Each line below from the line with "4th of July" to the line with "Danae necklace –" must be copied exactly, including those two, and no picture may appear in the copy.

::: EXERCISE MATERIAL :::

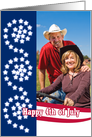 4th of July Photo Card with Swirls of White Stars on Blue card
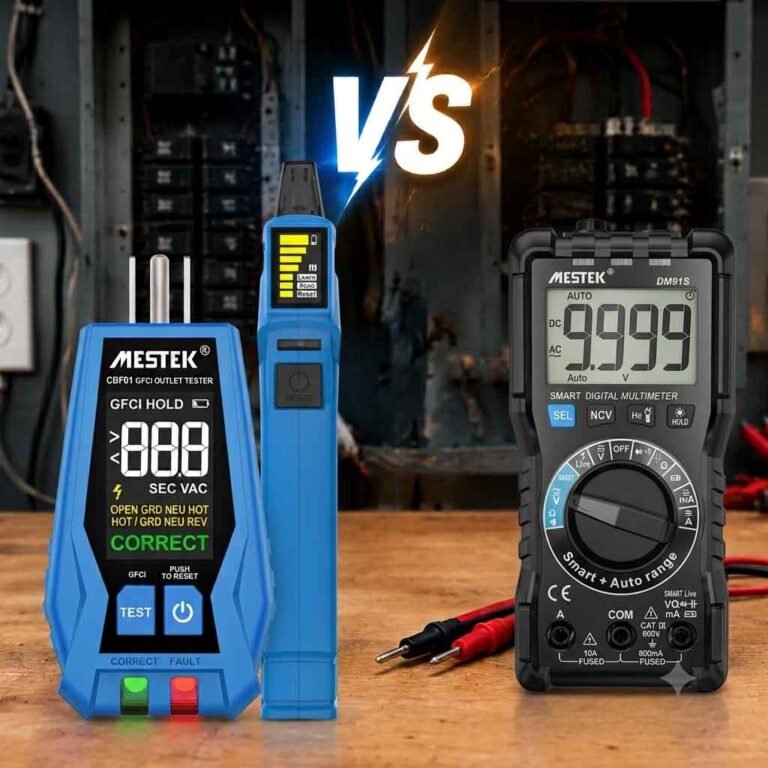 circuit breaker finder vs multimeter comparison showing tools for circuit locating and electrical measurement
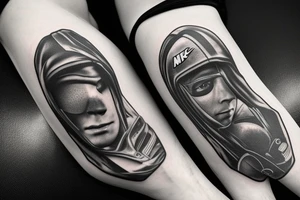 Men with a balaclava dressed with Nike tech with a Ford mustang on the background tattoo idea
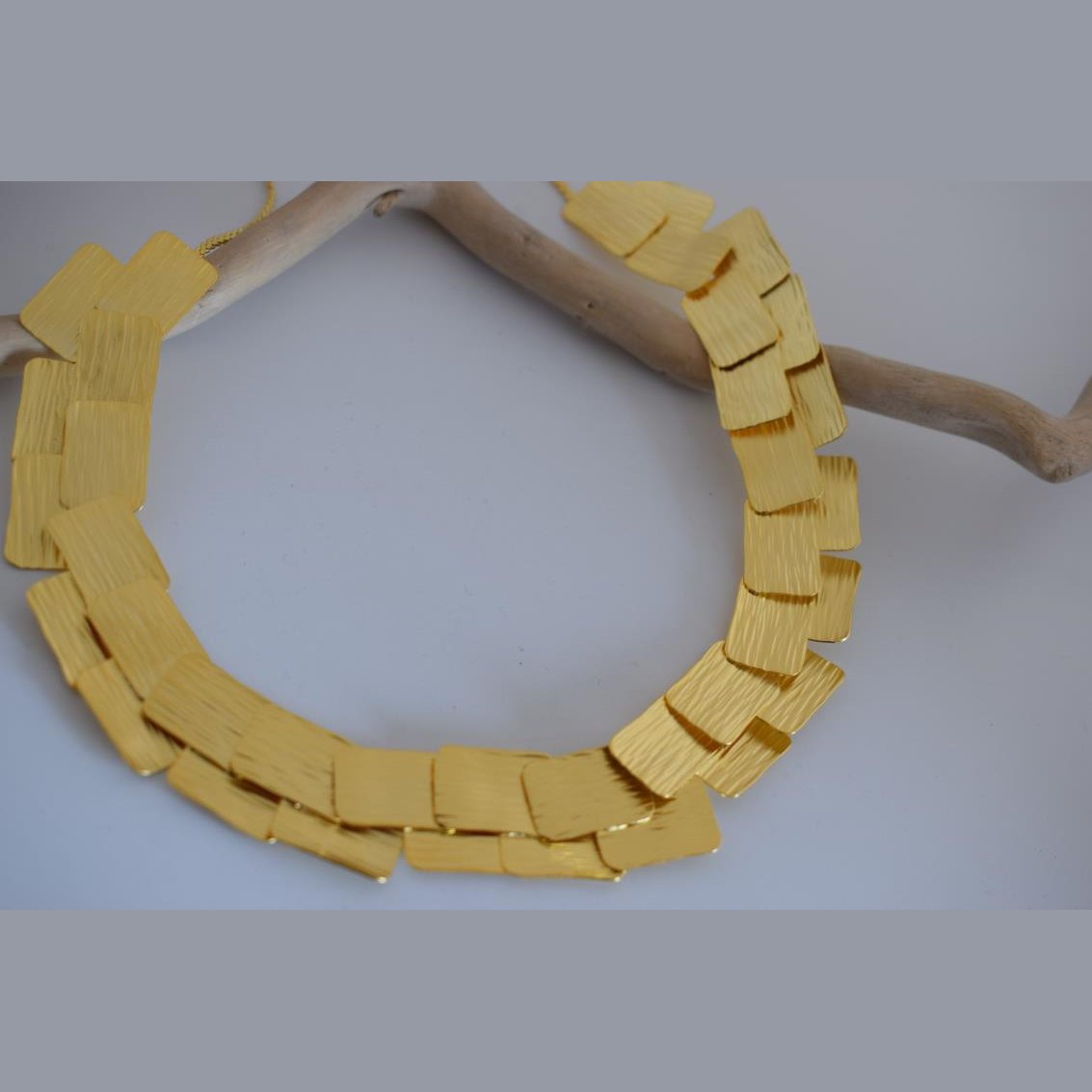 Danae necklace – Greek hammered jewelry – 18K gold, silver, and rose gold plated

:::
::: EXERCISE MATERIAL :::

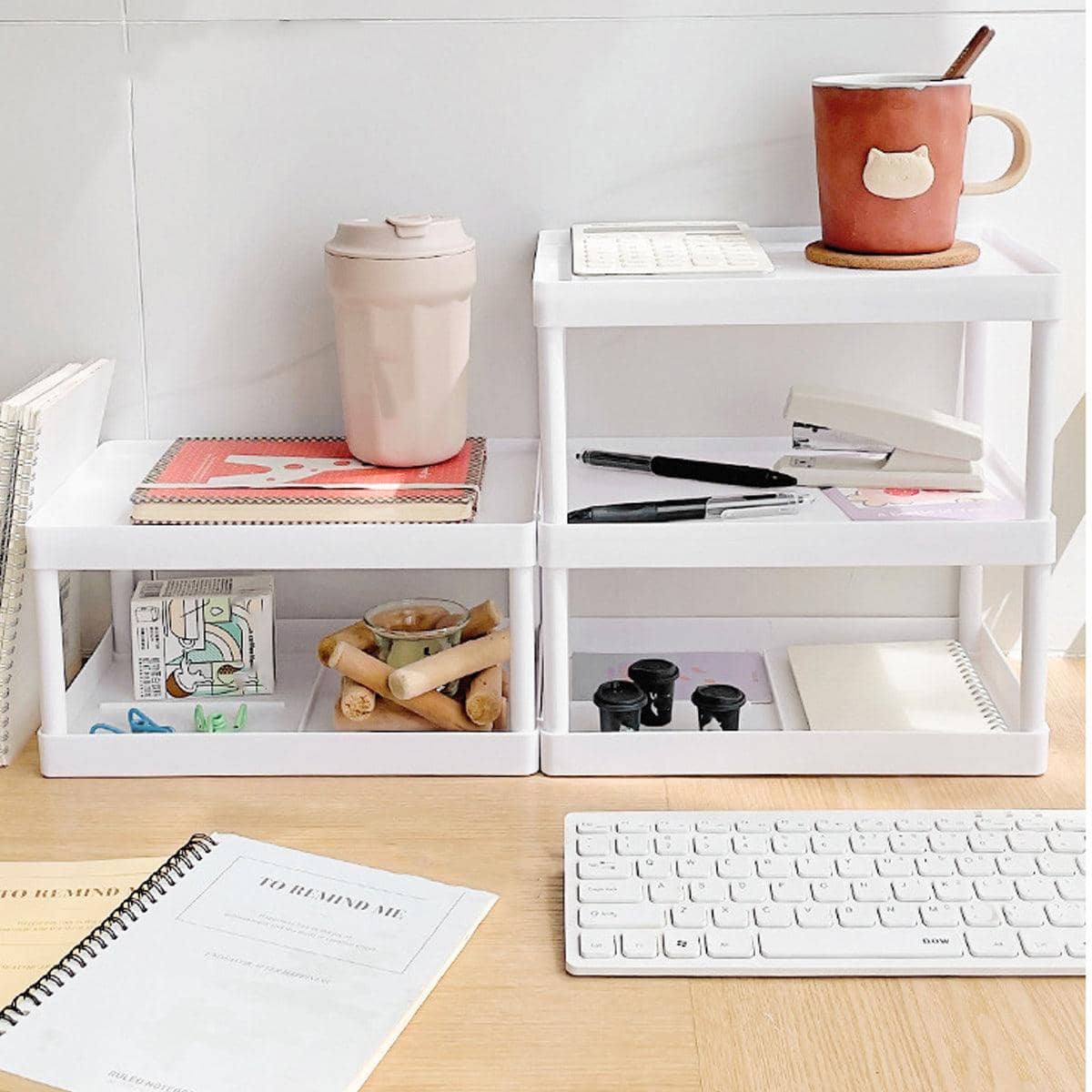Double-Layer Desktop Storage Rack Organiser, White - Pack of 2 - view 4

:::

## RESULT OF THIS TASK:
 4th of July Photo Card with Swirls of White Stars on Blue card
 circuit breaker finder vs multimeter comparison showing tools for circuit locating and electrical measurement
 Men with a balaclava dressed with Nike tech with a Ford mustang on the background tattoo idea
 Danae necklace – Greek hammered jewelry – 18K gold, silver, and rose gold plated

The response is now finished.